6/10
Ray Milland hits the bottle again in modest drama...
3 January 2007
Warning: Spoilers
RAY MILLAND is a troubled professor who seems to be wallowing in self-pity shortly after the death of his wife and son in a house fire. He begins to scare people with his brusque behavior, both in and out of the classroom. NANCY DAVIS and JOHN HODIAK are sympathetic friends who offer him loyal support--but nobody seems able to help Milland who seems to want to spend more time with the bottle than anything else.

The self-pity angle goes on for too long to make Milland's character likable, although his acting is quietly underplayed and altogether believable. "I know you want to help me.
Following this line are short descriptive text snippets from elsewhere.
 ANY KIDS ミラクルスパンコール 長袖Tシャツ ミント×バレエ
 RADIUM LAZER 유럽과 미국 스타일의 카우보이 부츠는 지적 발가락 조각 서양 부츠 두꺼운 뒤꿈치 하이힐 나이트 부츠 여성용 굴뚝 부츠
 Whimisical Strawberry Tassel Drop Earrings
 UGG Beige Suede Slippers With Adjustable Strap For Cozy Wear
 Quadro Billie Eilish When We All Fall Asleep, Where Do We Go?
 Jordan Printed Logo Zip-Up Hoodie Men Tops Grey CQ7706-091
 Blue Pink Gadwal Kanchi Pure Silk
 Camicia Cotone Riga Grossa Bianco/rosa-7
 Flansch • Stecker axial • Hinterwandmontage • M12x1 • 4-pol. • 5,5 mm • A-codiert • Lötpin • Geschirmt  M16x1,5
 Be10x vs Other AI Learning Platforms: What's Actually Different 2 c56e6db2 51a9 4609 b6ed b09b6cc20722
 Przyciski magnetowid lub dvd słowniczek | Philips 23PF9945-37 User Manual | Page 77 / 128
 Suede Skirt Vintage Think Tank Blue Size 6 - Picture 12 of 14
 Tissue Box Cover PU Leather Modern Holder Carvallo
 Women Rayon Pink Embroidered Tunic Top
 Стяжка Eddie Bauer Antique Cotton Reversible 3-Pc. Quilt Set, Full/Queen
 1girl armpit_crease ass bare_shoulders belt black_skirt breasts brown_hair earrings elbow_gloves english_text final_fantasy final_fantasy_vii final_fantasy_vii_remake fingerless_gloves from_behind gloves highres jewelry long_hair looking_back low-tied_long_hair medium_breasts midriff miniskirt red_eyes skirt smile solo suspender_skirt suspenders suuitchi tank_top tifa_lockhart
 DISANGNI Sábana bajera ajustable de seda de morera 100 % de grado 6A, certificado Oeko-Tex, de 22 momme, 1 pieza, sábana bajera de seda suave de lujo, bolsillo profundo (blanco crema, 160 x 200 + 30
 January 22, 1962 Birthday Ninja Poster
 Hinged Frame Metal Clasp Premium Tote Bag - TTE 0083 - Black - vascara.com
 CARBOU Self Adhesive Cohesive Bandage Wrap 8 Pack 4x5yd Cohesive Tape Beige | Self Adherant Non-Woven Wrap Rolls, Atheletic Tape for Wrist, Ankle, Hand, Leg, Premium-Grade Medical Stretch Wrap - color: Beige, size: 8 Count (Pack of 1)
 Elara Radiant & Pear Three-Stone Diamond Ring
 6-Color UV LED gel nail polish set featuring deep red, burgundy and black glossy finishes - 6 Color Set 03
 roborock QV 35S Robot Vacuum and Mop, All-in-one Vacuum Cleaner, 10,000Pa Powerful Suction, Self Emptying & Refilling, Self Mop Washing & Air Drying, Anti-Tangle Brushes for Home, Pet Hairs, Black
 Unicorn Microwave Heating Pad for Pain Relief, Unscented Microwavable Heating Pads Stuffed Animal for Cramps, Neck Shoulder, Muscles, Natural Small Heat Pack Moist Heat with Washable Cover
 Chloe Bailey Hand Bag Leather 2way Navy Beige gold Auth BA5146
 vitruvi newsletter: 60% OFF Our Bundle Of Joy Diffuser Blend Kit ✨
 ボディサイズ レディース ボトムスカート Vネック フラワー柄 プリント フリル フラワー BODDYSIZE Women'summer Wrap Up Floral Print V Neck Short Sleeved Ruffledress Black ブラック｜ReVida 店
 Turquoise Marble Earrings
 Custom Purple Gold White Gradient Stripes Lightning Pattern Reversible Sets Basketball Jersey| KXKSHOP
Most people do, but you can't," he tells Davis who had to get over her own sense of loss in the past. Davis is full of platitudes and is almost too nice, but she too plays her role well, as does Hodiak.

This goes on for the first hour and the main interest in the story is to see how and when Milland will snap out of it. Toward the end of the film he's still telling a waitress, "Find me a glass without a hole in the bottom." It takes a student athlete unable to pass one of Milland's exams that sets the plot on a final course wherein a driving accident lands him in jail and on probation. But Milland's change of heart enables him to give the flunking college student (JONATHAN COTT) another chance to pass, which he does, and he goes about setting in motion his final will, leaving his kid's bike to the boy's best friend. What happens after that, is quite predictable, but once again it's Nancy to the rescue.

Honest telling of a troubling tale of a man attempting to solve his problems with alcohol. Nowhere as engaging or powerful as Milland's most famous film, THE LOST WEEKEND, but a modestly successful drama on its own merits.